Introduction

This article has a similar goal as tmairi’s original post about the AccessData logical format, it is widely used on many challenges and barely any Linux tool exists to handle this format.

This article will focus on the findings of my research around the format, as the researchs and experimentations are pretty much the same as tmairi’s, generating several samples and comparing the differences. I just used HxD to study the hexdump of the files instead of bash script for convenience.

A bit of explanations to understand the tables : *hexOffset means the value taken from said address in the file. NB: All the addresses present in the AD logical images have to be offset by 512 Bytes to take into account the “ADSegmented” header that is 512 bytes of size. <4 defines a 4 bytes long value in little endian

AccessData headers

An AD1 logical image holds two headers that describes the structure and the basic metadatas of a container. One describing the segmentation, starting with the ADSEGMENTEDFILE signature and the AD logical header starting with the ADLOGICALIMAGE header.

Those two headers are decribed below.

ADsegmented header

Offset	Length	Value	Description
0x0	16	ADSEGMENTEDFILE\0	Segmented file signature - Ascii
0x18	<4		Segment index
0x1c	<4		Total segment number
0x22	<4		Fragmentation size
0x28	<4	512	Header size?

NB: When the file is segmented between several files, the data is stored sequentially between several .adX files. The actual data in those files doesn’t have a special headers or footer. For example, if the image was segmented between three files, the second one would have neither the ADLOGICALIMAGE nor the two footers ATTRGUID/LOCSGUID.

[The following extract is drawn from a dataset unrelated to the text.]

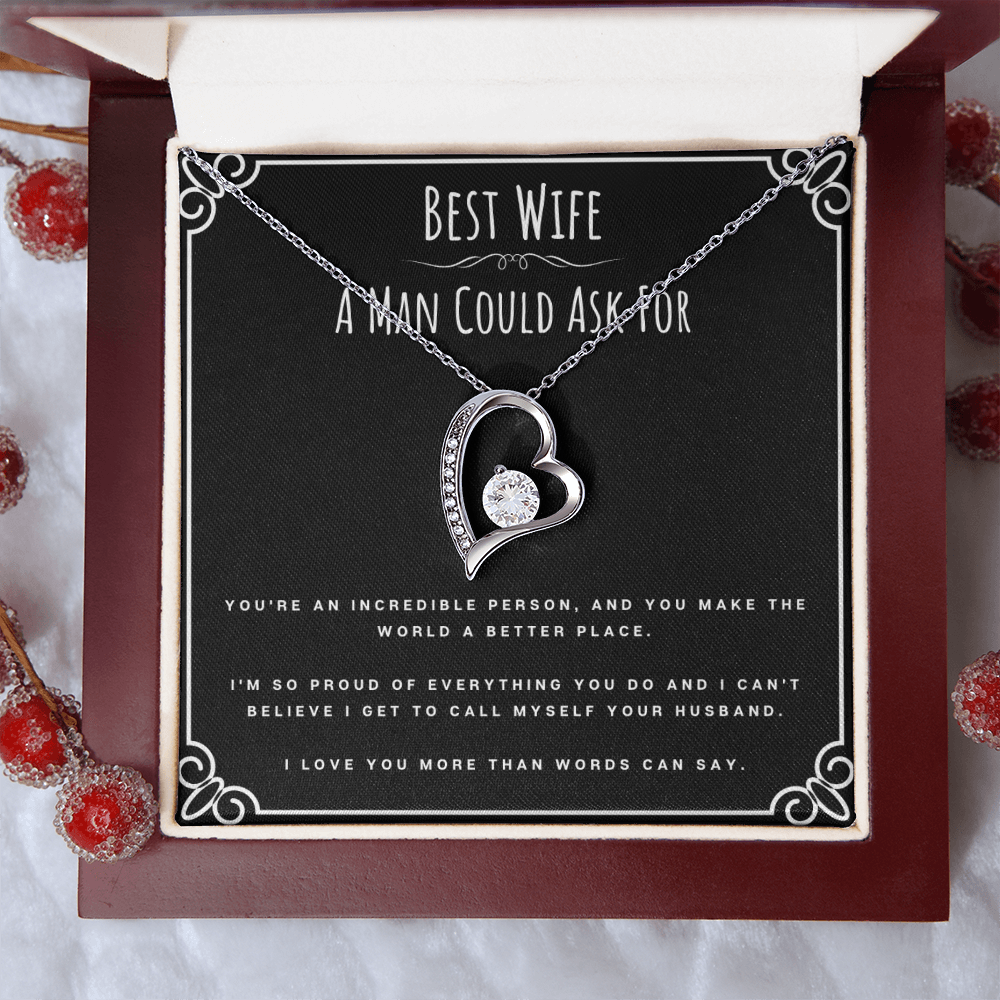 Best Wife A Man Could Ask For Valentines Day Message Card Jewelry Forever Love Necklace Gift From Husband, Wife Anniversary Present, Birthday Christmas Gifts For Wife by Best Gifts 305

A lot of the space of this header is left unused and only a handful of addresses holds actual information.

AD logical image header

Offset	Length	Value	Description
0x200	16	ADLOGICALIMAGE\0\0	Logical image signature - ascii
0x210	<4		Image version, can only be 0x03 or 0x04
0x214	<4	0x01	Usage unknown
0x218	<4		Zlib chunk size, default seems to be 65536
0x21C	<8		Logical image metadata address, 0x00 for custom content image
0x224	<8		First data item address
0x22C	<4		Data source name length, 0x1D for custom content images (len(“Custom Content Image([Multi])”))
0x230	<4	AD\0\0	Some signature
0x234	<8		Data source name address, will generally be 0x5C
0x23C	<8		`ATTRGUID` signature address
0x24C	<8		`LOCSGUID` signature address
0x25C	*0x22C or 0x1D		Data source name, or “Custom Content Image([Multi])”

~~From there the data will differ a bit depending on the format, logical or custom content.~~

At that point i had prepared a paragraph on the Custom content image header, which holds information about every source of data just to realize afterward that it followed the very same structure as a folder, with much less metadata, hinted by the fact that FTK imager considers them as “Folder (placeholders)” So yeah the structure below there is valid but kinda redundant with the folder structure.

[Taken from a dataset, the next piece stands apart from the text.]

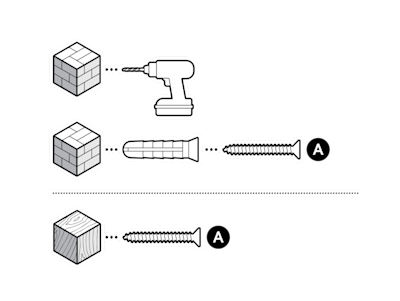 Illustration to show using a 1/4 in (6 mm) masonry bit to drill holes for the included wall anchors for stucco, brick, or concrete, and use just screws for wood installation.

Custom Content Image Header

When the image is created through the custom content process, it will contain a 48 bytes header for each source of data (evidence item in FTKImager), the first one starting at offset 0x279 the breakdown below :

Offset	Length	Value	Description
0x00	<8		Index of next custom content header
0x08	<8		Index of the first file from the source
0x10	<8		Custom content metadata
0x18	<16		Probably padding, tests have shown to be all 0
0x28	<4	0x05	A custom content image is treated as a folder
0x2C	<4		Length of the data source name string
0x30	*0x2C		Data source name
+*0x2C	<8		Parent folder address, always 0x00 since custom content image headers are technically top level folders

While the actual structure is identical to regular folders, it has some different metadatas.

Files and folders

As pointed by tmairi, files and folders are sequentially placed within the AD1 image. It uses 3 addresses to keep track of the hierarchy of files and folders :

One pointing to the next item in the same hierarchical level
One pointing to the first item within a folder (exclusive to folders, files will have this address be 0x00, surprising i know)
One address pointing to the parent folder, it is placed directly after the current item name

File and folder strucure

Each file’s structure is made up of a 48 Bytes header, holding information about the file structure, data, and metadatas of the file. This structure is explained below :

Offset are taken from the file beginning. And all addresses contained in it must have be offset by due to the ADSegmented header.

Offset	Length	Description
0x00	<8	Next item on same hierarchy level
0x08	<8	Next item within the folder, 0x0 for files
0x10	<8	Address of first metadata structure
0x18	<8	Address of the zlib chunk metadata, 0x00 if the file is emptry of data or a folder
0x20	<8	Decompressed file size. 0x00 if there’s no data
0x28	<4	Type, 0x05 for folder, 0x00 for files
0x2C	<4	File name length
0x30	*0x2C	Filename
0x30+*0x2C	<8	Parent folder index, 0x0 if at the root

Zlib chunks

Each file is split in N zlib chunks of 65536 bytes of compressed Zlib data. The 0x18 address points toward holds the number of zlib chunks the file uses, Then the N next long (8 Bytes) values will hold the addresses of each zlib chunk in order. Then a last 8 bytes long value will point toward the beginning of the metadatas, marking the end of the zlib chunks. This last value is identical to the 0x10 value from the header.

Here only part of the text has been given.